|Renting Space on the Shoulders of Giants: Madey and the Future of the Experimental Use Doctrine|
|Tom Saunders [View as PDF]|
113 Yale L.J. 261 (2003)
The experimental use doctrine in patent law protects alleged infringers who use patented inventions solely for experimental purposes, such as testing whether a device functions as claimed or re-creating a process to observe its effects from a scientific perspective. The judicially created exception traces its lineage back nearly two hundred years. Although the exception has always been construed narrowly, it grew narrower still in October 2002 when the Federal Circuit issued its opinion in Madey v. Duke University. Madey reformulated the experimental use doctrine and cast considerable doubt on its continued viability as a defense in patent infringement cases involving universities. As a result, university researchers accustomed to standing on the shoulders of giants by studying patented technologies freely may now be forced to rent space on those shoulders instead.
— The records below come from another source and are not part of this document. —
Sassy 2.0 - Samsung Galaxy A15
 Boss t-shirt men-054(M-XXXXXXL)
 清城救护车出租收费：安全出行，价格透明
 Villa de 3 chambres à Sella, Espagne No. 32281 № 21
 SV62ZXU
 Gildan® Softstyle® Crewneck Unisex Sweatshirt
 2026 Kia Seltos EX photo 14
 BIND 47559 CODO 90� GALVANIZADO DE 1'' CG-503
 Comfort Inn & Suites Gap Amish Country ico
This Comment argues that the Madey court erred when it characterized university research as driven by a business interest in competing for prestige, students, and research grants. Not only does this view oversimplify experimental use defense by causing it to turn on the status of the defendant rather than the nature of the contested use, but it also undermines the balance between innovation and access that lies at the heart of the Patent Act. The Federal Circuit should have instead crafted a more nuanced experimental use exception that protects educational experimentation on patented inventions. Such a rule might not help Duke in its dispute with Professor Madey, especially if the record on remand confirms that Duke was experimenting with rather than experimenting on Madey's invention, but it would allow future researchers to continue testing and teaching about patented inventions without fear of being sued.